Critical thinking has been advo­cated as an educational goal since the 1950s. Psychologists, who are skeptical as a group, value critical thinking.

Science can be described as an attempt to create maps or models of natural systems. To gather scientific evidence, one must use operational definitions. Operational definitions relate the words of a claim to specific measurement operations.

Operational definitions must be known in order to accomplish replications of surprising findings. However, operational definitions are not automatically scientific or "good." They are subject to scrutiny and criticism like any other part of the scientific process.

Replication is critically important to science. Sometimes through an innocent error, or more rarely through fraud, incorrect results will find their way into the literature. These are detected and corrected through efforts at replicating surprising or important results.

The original researchers are naturally disappointed when a replication fails, but typically they will help to analyze the failure of replication and suggest ways to improve the testing procedures. If a result is truly incorrect, attempts at replication will produce smaller and smaller effects (if any) as experimental controls are tightened up.

The Quack Science syndrome is a set of distinctive traits that marks unscientific theories.
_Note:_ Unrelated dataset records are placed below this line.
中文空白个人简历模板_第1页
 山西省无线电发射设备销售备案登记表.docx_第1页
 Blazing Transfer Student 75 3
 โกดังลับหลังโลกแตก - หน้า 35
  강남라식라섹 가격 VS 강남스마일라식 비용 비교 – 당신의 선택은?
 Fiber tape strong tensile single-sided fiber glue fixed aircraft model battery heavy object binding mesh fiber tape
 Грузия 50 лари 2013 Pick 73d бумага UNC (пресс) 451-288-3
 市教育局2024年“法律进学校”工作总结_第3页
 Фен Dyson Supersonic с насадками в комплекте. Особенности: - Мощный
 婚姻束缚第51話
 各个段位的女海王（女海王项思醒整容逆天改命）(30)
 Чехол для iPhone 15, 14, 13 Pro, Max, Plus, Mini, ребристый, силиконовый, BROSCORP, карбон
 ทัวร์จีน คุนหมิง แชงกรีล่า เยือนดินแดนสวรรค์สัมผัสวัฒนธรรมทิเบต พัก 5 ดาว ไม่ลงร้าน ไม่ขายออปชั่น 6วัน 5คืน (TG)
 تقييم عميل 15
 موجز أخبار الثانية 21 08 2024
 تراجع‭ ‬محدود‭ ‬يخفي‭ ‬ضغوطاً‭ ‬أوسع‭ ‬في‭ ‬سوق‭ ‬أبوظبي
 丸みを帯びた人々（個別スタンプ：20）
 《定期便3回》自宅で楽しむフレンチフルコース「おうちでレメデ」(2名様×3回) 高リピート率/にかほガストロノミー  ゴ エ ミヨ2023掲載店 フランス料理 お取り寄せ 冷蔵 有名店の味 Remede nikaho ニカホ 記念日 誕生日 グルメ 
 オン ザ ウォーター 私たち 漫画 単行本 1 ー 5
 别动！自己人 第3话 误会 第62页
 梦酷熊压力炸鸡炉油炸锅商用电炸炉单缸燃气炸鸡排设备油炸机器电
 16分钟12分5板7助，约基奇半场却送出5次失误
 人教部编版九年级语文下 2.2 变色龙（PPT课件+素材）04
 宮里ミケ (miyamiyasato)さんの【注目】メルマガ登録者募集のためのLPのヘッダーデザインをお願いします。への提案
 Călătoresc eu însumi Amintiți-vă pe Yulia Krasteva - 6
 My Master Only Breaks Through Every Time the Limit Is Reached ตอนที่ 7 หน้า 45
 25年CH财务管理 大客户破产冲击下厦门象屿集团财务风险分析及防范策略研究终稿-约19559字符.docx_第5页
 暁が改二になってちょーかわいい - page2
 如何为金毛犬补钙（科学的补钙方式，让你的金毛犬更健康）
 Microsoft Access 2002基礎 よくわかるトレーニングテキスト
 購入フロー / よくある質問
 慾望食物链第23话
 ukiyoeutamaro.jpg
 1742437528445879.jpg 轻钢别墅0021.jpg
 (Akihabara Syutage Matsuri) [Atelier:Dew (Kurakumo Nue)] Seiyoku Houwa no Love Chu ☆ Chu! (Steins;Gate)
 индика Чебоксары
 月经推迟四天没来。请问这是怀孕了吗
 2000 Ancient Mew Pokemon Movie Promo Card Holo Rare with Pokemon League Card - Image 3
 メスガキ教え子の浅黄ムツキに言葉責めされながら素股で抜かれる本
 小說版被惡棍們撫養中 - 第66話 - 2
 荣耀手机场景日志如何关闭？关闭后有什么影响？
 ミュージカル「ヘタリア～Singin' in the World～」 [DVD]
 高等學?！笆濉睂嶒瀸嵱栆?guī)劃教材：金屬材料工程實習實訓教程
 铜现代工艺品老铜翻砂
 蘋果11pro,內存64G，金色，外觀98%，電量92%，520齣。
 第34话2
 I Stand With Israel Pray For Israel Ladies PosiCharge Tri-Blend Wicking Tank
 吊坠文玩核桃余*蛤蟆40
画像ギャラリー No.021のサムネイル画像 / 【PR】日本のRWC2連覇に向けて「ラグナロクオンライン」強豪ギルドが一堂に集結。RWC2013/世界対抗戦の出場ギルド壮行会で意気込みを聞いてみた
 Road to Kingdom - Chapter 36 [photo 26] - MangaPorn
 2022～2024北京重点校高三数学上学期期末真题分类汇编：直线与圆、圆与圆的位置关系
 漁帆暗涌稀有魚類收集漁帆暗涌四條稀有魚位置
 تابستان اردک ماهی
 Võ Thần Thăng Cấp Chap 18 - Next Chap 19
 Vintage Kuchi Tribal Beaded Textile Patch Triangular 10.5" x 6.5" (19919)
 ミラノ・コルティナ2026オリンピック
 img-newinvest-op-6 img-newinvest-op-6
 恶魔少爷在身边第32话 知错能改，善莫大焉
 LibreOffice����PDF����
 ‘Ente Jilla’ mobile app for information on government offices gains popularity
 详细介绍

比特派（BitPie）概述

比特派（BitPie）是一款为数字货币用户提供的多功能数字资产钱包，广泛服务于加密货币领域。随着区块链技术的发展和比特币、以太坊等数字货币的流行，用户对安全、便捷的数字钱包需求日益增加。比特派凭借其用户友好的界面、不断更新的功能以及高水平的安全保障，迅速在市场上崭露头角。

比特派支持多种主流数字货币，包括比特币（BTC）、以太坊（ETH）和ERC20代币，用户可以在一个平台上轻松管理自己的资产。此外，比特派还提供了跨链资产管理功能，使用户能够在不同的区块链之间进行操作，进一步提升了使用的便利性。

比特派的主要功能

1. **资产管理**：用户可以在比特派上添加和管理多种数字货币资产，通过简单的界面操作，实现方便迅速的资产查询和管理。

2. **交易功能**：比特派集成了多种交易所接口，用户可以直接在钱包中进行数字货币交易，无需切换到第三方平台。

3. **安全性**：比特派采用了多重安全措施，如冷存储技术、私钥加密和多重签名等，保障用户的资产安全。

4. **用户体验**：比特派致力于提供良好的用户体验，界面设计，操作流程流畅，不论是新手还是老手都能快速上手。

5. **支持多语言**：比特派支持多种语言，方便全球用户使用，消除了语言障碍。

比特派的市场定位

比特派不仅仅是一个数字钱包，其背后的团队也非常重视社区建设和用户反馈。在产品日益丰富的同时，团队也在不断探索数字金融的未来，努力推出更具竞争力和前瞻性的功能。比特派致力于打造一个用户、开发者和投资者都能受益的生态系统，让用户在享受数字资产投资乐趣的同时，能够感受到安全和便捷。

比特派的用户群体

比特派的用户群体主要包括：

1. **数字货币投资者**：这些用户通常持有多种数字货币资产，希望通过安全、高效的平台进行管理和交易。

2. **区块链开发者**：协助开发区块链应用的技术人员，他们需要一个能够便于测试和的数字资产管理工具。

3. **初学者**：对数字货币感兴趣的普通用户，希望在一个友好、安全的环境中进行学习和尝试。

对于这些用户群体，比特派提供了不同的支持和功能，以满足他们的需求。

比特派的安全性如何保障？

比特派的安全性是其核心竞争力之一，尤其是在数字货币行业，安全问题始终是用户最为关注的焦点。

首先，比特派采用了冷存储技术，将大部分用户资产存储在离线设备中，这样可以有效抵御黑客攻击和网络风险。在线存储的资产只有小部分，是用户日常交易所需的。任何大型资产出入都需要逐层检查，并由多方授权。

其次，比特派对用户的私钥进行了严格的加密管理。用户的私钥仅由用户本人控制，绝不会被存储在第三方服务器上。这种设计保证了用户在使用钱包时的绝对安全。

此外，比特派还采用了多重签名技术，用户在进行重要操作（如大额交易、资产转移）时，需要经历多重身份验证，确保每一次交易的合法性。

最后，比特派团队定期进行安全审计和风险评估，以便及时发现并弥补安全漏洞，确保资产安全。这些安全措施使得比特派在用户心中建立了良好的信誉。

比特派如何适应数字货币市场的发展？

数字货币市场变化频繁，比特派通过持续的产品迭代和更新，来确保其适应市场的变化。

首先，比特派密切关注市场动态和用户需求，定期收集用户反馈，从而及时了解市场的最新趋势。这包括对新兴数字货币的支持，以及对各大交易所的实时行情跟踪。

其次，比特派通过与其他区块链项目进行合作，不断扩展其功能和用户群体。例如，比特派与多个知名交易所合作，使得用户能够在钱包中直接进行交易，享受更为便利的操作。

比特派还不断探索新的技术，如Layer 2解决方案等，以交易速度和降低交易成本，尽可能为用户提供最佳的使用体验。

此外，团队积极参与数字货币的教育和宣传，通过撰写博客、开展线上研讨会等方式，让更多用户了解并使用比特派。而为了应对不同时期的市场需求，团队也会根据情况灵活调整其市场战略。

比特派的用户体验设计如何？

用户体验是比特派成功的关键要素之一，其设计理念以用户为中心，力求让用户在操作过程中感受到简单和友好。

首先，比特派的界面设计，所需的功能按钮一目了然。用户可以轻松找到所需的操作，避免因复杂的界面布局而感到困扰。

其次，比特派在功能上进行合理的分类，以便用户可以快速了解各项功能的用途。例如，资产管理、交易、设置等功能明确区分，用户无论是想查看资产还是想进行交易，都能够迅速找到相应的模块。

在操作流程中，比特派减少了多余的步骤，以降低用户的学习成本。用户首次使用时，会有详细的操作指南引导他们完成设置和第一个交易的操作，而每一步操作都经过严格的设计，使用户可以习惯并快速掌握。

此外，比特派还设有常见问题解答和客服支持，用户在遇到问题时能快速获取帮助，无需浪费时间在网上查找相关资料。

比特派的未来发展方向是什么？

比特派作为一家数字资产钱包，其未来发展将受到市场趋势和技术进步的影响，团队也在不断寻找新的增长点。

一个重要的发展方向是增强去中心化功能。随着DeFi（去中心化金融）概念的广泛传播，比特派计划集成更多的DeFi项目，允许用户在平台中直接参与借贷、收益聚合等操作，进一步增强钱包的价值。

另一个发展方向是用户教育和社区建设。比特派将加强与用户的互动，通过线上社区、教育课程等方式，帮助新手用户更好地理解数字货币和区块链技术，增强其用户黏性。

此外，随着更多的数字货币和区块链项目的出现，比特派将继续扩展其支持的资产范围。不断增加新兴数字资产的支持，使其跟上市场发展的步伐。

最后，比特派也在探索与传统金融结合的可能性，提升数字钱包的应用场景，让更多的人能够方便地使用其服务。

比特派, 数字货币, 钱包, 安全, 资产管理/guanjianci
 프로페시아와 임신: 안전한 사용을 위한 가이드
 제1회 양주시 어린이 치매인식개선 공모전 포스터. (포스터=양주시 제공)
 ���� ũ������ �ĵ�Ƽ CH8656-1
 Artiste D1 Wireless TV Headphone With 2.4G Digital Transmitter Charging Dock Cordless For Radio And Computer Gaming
Commonly these are the ideas of one individual who wants to pass them off on the public as a scientific breakthrough.

Quack science is typically publicized outside the scientific journal system. The scientific establishment is commonly accused of a conspiring against the new ideas.

Quack scientists may invest great energy in creating web sites, publishing books, and giving magazine and newspaper interviews. Notably absent from the repertoire of a quack scientist are publications in legitimate peer-reviewed journals or non-trivial predictions based on the new, revolutionary theory.